Büyükannem çok şefkatli ve nazikti, bu yüzden sanki ben ninni sesleriyle uykuya dalıyormuşum gibi olabildiğince nazikçe transa girdi. Önce büyükannemin sesi beni çocukluğuma, sonra rahme götürdü ve sonra çok sayıda ateş böceğinin ve tuhaf kapıların olduğu yoğun bir ormana taşındım. Merakımdan birine baktım. Genç bir kızın vahşice öldürüldüğü sahnenin yer aldığı son derece iğrenç bir resim belirdi önümde. Katil bendim, onun babası. Saldırganlığın saldırısıyla baş edemeyen baba, kızı mümkün olan her şekilde dövdü ve onun merhamet çığlıklarından keyif aldı. Kalbi dayanamadı, yırtılma nedeniyle hayatını kaybetti. Ben onun babasıyım ve deliriyorum. Ellerim titriyor, gözyaşları ve panik çılgınca dalgalanıyor, ambulans çağırmak için koştum, çok acı çekiyorum, her şeyin böyle olmasını istemiyorum, onu canımdan daha çok seviyorum. O her şeyimdi, ne olursa olsun beni seven tek kişiydi.

Kötü bir baba değildim, öfkemi kaybettim. Neden kendimi haklı çıkarıyorum? Kendimi öldürdüm. Kapının aralığından çıktığımda kendimden bıktım, sevdiğim birinin ölümünü gördüğüm için bu deneyim beni alt üst etti. Büyükannem benimle tekrar konuştu, yumuşak sesi beni içinde bulunduğum zihinsel ıstıraptan kurtardı. Bu ormanın ortasında durdum, çok korktum, bu dünyaya ne kadar acı getirdiğimi fark ederek ortadan kaybolmak istedim. Büyükannem mükemmel bir diplomat ve psikolog olarak yeteneklerini kullandı ve ben trans halindeyken benimle konuştu. Soru/cevap sohbetimiz oldu. Büyükanne, bir işe yaramazlık kompleksiyle beslenen şeytanımı çıkardı ve deyim yerindeyse tüm inançlarını yerle bir etti.

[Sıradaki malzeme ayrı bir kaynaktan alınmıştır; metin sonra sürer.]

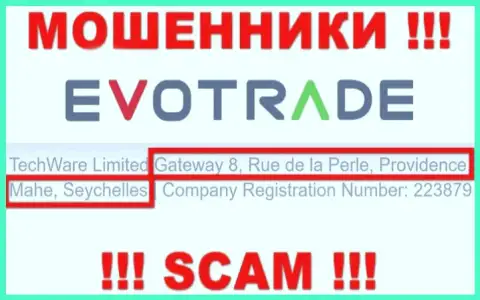 Из конторы TechWare Limited забрать денежные средства не выйдет - указанные internet аферисты спрятались в оффшорной зоне: Gateway 8, Rue de la Perle, Providence, Mahe, Seychelles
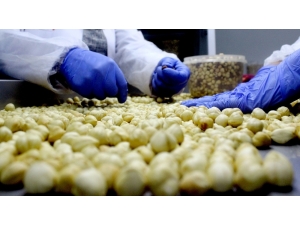 Fındık Üreticisi Fındığını 16 Lira Yerine 60 Liradan Satmanın Yolunu Buldu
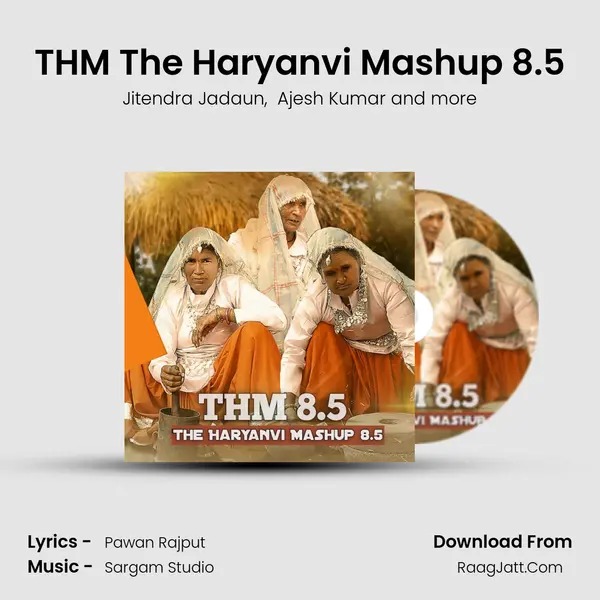 THM The Haryanvi Mashup 8.5 mp3 song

İlk seanstan sonra benzer birçok pratik yaptık. Sevdiklerimden her gün saatlerce özür diledim, onlara kocaman mektuplar yazdım, bütün bunları hediyelerle telafi ettim. Kendimden nefret ediyordum ama başardım.”

Paul, 24 yaşında

Regresyon hipnozu hikayelerinizi ve geçmiş yaşamınızda nasıl öldüğünüze dair bilginizi paylaşın.

Hipnotik çalışmanın özel bir yönü vardır: gerileyen hipnoz. Neden ayrı? Çünkü hipnoz zaten birçok spekülasyon, batıl inanç ve spekülasyonla çevrelenmiş durumda ve gerileme amacıyla kullanılması çoğu zaman tamamen mistik bir şekilde algılanıyor.

İnternet, geçmiş yaşamlara ruhsal bir yolculuk yapma olanağını anlatan reklamlarla dolu...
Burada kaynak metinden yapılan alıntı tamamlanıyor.